Le commandement supérieur de cette Arme demeure cependant, jusqu’en 1942, sous le contrôle de la France, par l’intermédiaire de la mission de réorganisation. La gendarmerie syrienne, ainsi que les autres gendarmeries locales du Levant, sont donc créées à l’image de la gendarmerie française et possèdent des prérogatives quasi similaires à celles de son service ordinaire.
Les liens entre ces deux armes s’inscrivent dans un climat de confiance pendant la plus grande partie du mandat. Elles n’hésitent pas à collaborer sur le terrain et les rapports d’avant-guerre sur l’état de la gendarmerie syrienne font écho de progrès constants et d’une fiabilité de plus en plus reconnue.
Après la campagne de Syrie de 1941, où les Alliés et les Forces françaises libres (FFL) reconquièrent la Syrie et le Liban tenus par les forces vichystes, la nouvelle prévôté gaulliste n’a plus assez de personnel pour continuer à assurer le service de la mission de réorganisation. La gendarmerie syrienne acquiert ainsi, de facto, son autonomie. Elle représente alors une force de maintien de l’ordre compétente, armée et forte d’environ 5 000 hommes.

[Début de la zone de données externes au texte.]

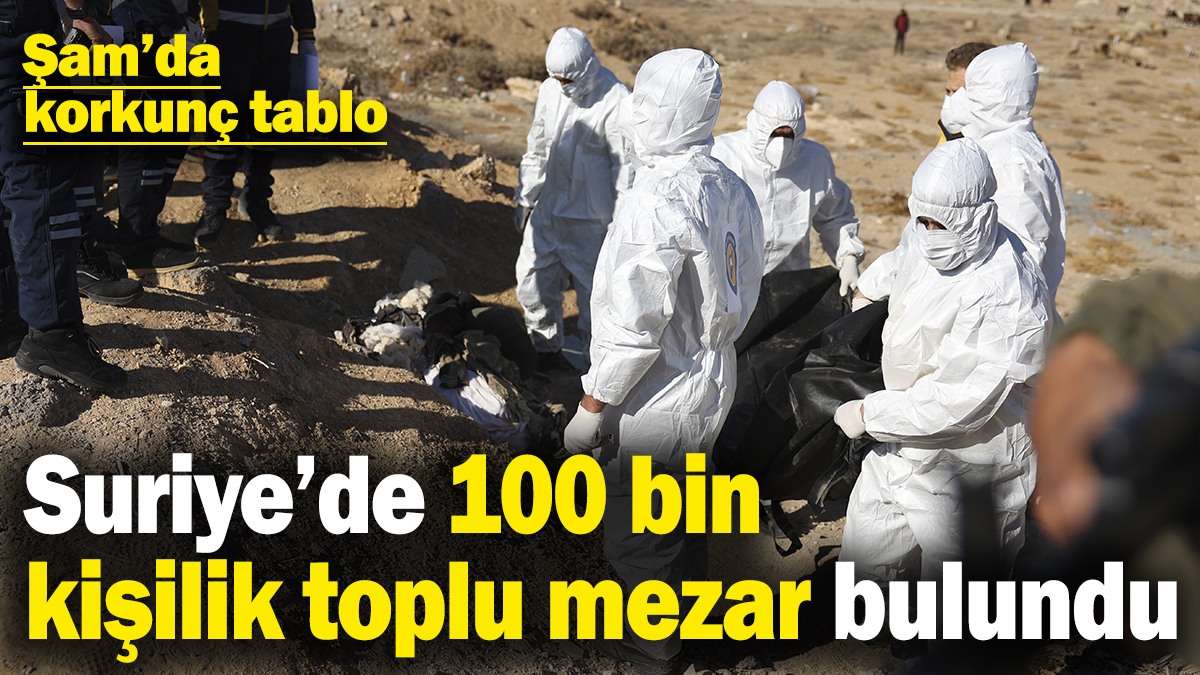 Şam’da korkunç tablo: Suriye’de 100 bin kişilik toplu mezar bulundu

La prévôté, quant à elle, a vu ses effectifs divisés par deux malgré l’arrivée de renforts de gendarmes de carrière venus de Pondichéry et de Tunisie. Elle doit, de surcroît, faire face à une surcharge de travail liée à la présence d’une partie de la IXe armée britannique au Levant. Le lieutenant-colonel Petitgnot affirme que » les missions de police militaire et de la circulation en 1942 se sont vues presque doublées par rapport à 1938 « . Les difficultés de recrutement, » faute de candidat » , concourent au maintien de cette situation.
Enfin, l’action de la prévôté, dès 1942, s’inscrit dans le contexte difficile d’une présence militaire internationale en Syrie de moins en moins tolérée par les autochtones.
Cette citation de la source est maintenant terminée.